> _What you are asked to do_: Output the listing below verbatim, but drop the images.

> _Recorded information_:

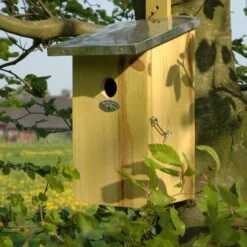 ESSCHERT DESIGN Observation Nesting Box - Birdhouse - Birds & Garden 8 ESSCHERT DESIGN Observation Nesting Box - Birdhouse - Birds & Garden -UrbanJngl Terrarium Plants Observatiekast vogelhuis Nestkast Trendhero.4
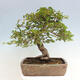 Vonkajší bonsai -Carpinus CARPINOIDES - Hrab kórejský - 3/4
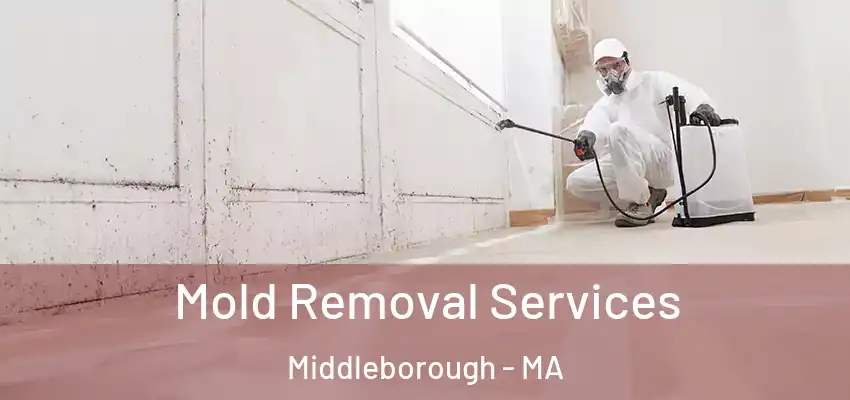  Mold Removal Services Middleborough - MA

> _Output for this exercise_:
 ESSCHERT DESIGN Observation Nesting Box - Birdhouse - Birds & Garden 8 ESSCHERT DESIGN Observation Nesting Box - Birdhouse - Birds & Garden -UrbanJngl Terrarium Plants Observatiekast vogelhuis Nestkast Trendhero.4
 Vonkajší bonsai -Carpinus CARPINOIDES - Hrab kórejský - 3/4
  Mold Removal Services Middleborough - MA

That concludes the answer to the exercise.